Dutch Farmers Launch Revolt Against Climate Rules Threatening To End Their Livelihoods
By MAX KEATING
Dutch farmers used tractors to block roads and supermarket distribution networks to protest government-mandated emissions reductions that threaten their livelihoods on Monday.
Over 40,000 farmers have taken to the streets in recent weeks to protest climate-related regulations that the Dutch ruling coalition itself concedes would force upwards of 30% of farmers out of business, DW reported. Farmers have dumped hay bales on roads, left manure outside government officials’ homes and blocked highways and other critical infrastructure to protest the regulations, The Associated Press reported.
“The honest message … is that not all farmers can continue their business,” the government said in a June statement announcing the new emissions targets. The farmers contend that they are being unfairly targeted by the regulations and losing out on their future prospects, the AP reported.
The Netherlands’ largest airport urged its travelers on Monday to use public transportation to get to its terminals amid fears that the farmers’ blockades would target airports, and fishermen have also blocked a number of harbors this week in solidarity with farmers, the Associated Press reported.

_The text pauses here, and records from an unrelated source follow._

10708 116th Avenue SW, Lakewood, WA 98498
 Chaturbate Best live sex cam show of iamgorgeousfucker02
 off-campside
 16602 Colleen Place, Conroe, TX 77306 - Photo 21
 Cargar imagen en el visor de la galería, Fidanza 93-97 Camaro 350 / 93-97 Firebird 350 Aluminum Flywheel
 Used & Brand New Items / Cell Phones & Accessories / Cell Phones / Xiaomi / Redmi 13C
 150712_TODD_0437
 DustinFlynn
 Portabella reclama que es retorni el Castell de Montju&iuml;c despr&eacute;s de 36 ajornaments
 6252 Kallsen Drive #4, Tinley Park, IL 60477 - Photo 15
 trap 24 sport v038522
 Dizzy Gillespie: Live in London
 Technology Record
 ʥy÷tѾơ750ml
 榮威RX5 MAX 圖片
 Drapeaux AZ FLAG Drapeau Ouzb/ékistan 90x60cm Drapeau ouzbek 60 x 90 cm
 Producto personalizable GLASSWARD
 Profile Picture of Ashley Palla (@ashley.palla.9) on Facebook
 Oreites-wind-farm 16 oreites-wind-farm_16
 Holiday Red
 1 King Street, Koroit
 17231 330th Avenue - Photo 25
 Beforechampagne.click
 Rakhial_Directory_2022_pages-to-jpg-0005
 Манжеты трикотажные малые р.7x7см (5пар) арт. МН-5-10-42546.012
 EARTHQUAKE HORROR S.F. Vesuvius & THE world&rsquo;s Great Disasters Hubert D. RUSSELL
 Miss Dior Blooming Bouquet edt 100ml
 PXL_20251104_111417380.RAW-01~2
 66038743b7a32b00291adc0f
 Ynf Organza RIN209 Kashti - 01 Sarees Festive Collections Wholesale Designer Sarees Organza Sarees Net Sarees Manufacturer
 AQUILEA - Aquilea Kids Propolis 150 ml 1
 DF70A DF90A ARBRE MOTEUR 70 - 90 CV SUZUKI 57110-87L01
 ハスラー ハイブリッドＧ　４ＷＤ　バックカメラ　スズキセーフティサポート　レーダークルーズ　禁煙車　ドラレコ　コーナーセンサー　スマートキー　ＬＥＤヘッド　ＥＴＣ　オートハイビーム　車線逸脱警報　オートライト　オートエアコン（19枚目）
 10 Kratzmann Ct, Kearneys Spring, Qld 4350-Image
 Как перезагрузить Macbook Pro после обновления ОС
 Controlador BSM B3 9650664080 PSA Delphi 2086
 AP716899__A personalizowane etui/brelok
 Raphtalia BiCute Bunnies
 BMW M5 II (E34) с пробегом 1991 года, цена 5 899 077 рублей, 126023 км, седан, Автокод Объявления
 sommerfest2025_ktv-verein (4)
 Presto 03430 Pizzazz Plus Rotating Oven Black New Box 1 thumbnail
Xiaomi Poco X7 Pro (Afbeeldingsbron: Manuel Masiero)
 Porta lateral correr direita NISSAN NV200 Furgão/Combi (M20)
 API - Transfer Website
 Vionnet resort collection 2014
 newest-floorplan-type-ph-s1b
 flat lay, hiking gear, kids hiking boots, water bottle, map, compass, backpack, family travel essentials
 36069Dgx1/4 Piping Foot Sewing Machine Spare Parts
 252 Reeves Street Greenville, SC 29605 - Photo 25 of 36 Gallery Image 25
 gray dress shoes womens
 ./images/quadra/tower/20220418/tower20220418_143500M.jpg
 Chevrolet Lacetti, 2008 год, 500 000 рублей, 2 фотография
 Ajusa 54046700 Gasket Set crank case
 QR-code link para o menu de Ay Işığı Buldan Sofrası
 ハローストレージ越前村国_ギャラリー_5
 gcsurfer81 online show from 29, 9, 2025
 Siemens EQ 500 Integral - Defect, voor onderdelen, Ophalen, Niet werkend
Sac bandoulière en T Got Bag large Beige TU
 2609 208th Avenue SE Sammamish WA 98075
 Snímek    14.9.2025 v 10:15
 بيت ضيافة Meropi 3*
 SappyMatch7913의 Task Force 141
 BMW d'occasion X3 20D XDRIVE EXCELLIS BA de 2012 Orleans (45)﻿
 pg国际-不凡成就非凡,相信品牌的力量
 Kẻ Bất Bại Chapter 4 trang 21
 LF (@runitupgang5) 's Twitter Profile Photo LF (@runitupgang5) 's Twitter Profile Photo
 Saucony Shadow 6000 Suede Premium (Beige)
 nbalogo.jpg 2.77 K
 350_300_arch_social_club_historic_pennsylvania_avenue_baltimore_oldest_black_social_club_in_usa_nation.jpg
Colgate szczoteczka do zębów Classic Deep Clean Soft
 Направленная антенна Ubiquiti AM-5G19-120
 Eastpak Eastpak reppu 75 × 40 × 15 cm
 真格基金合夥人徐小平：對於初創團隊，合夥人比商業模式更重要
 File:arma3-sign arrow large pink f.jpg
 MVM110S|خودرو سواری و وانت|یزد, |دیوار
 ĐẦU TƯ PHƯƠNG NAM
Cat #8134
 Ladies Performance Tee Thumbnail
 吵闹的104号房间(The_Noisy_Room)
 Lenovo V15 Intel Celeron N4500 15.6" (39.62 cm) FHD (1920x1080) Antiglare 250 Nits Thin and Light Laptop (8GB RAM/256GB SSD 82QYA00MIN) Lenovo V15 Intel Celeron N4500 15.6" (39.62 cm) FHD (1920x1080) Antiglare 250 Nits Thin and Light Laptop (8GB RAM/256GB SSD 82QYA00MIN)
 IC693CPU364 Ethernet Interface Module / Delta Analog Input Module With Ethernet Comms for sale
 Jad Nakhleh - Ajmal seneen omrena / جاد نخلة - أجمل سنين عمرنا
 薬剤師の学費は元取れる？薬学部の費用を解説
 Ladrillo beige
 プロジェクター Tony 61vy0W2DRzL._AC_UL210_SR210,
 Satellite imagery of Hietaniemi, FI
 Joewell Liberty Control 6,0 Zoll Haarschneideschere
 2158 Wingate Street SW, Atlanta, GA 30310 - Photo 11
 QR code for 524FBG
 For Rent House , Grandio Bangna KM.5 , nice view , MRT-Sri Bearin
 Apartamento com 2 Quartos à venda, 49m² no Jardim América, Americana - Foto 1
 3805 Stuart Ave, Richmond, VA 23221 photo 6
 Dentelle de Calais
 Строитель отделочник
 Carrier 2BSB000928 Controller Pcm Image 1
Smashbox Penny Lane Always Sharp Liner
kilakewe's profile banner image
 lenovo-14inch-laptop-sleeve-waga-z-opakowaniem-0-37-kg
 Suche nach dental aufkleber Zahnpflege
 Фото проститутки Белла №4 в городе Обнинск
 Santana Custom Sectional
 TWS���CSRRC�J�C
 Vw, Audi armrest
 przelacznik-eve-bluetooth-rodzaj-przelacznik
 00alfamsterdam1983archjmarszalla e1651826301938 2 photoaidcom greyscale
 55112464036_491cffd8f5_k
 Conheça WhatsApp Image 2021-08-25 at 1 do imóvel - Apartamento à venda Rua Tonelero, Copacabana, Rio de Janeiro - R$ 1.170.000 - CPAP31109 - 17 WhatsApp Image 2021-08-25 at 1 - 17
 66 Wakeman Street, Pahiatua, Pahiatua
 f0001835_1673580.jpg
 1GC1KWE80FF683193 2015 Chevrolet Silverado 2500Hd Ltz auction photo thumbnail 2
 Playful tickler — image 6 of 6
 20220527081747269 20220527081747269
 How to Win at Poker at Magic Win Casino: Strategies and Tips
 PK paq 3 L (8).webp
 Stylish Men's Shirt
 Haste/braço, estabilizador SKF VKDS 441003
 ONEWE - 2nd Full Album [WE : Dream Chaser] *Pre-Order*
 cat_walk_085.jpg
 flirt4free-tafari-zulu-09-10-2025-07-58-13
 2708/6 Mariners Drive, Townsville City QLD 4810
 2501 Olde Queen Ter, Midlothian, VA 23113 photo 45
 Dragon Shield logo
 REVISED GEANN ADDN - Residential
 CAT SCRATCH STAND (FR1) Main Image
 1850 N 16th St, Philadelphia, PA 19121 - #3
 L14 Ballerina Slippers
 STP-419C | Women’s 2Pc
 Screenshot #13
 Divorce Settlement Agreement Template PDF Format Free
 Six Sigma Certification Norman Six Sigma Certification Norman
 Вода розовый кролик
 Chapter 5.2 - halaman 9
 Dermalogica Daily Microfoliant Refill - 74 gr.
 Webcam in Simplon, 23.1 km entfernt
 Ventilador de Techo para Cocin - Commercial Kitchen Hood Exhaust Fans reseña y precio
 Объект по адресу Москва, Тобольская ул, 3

The Dutch Ministry of Agriculture, Nature, and Food Quality told The Daily Caller News Foundation that the present emissions reductions and resultant backlash trace back to a 2019 court ruling that found the Netherlands was not doing enough to protect its natural areas. Citing the ruling, the Dutch government introduced targets last month to halve nitrogen oxide and ammonia emissions, both of which are present in large quantities in livestock manure. (RELATED: ‘EPA Is Playing Politics’: Biden Amin Pushes New Regs On Farmers As Food Inflation Skyrockets)
The ministry told TheDCNF that it is working with farmers to “look at a new way of doing business with innovation, relocation, extensification and involving more nature in agriculture.”
Still, many farmers are disillusioned.
“We cannot invest. Our fathers, our uncles, cannot invest in the future. And so as young farmers we also have no prospect of … taking over a farm,” Marijn van Heun, a 23-year-old Dutch dairy farmer, told Euro News.
The Netherlands is the largest exporter of meat in the European Union and exported almost $100 billion worth of agricultural goods in total in 2019. The protests come as the world faces food shortages brought on by the Russian invasion of Ukraine, and some fear that the ongoing supply disruption caused by the protests could increase prices in the Netherlands and beyond, Al Jazeera reported.
Over the weekend the Dutch government appointed Johan Remkes to lead talks between farmers and government officials responsible for crafting the emissions reductions regulations, the AP reported. Dutch farming lobby LTO described Remkes as “an administrative heavyweight with deep knowledge” of the issues and said it was open to talks with him, according to the AP.